Let $K$ be an algebraically closed field of characteristic $p>0$ and let $I\subset K[x_{1},\dots,x_{n}]$ be an ideal generated by (homogeneous) polynomials of degree $d$. Assume that $I$ is reduced, that is, its nilpotency index (aka the Noether exponent; the smallest integer $e$ such that $(\sqrt{I})^{e}\subseteq I$) is $1$. Let $f_{1},\dots, f_{k}\in K[x_{1},\dots,x_{n}]$ be linear homogeneous polynomials.

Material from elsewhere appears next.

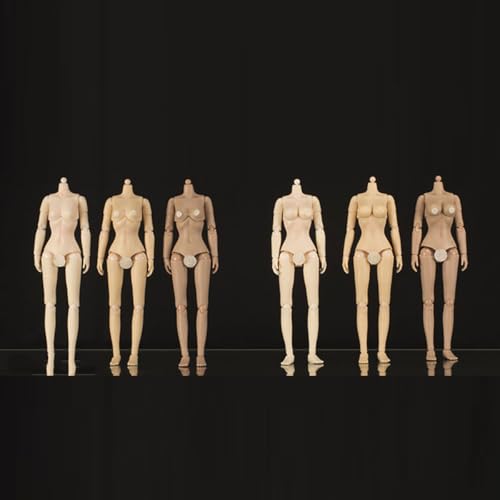 LFWDOCN 1/12 Scale weiblich militär Body 6inch weiblich Joint Flexible ActionFigurn Body Half Pack Adhesive Collection (Large Bust Suntan Skin) von LFWDOCN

By results of Kollár (Sharp effective Nullstellensatz), and later improvements by Jelonek (On the effective Nullstellensatz) it is possible to bound the nilpotency index of $(I,f_{1},\dots,f_{k})$ by $d^{n}$. I am wondering if the knowledge that the nilpotency index of $I$ is $1$ can be used to improve this without knowing anything else about $I$:
Is there a bound on the nilpotency index of the ideal $(I,f_{1},\dots,f_{k})$ which is better than $d^n$? Does it help if we know that the ideal defines an affine group scheme, that is, if $K[x_{1},\dots,x_{n}]/(I,f_{1},\dots,f_{k})$ is a Hopf algebra?
Even if we only have a bound similar to $d^{n}$ in general, I am interested in bounding the possible prime divisors of the nilpotency index of $(I,f_{1},\dots,f_{k})$. We certainly need at least the prime divisors of $d$ in general, but are these enough?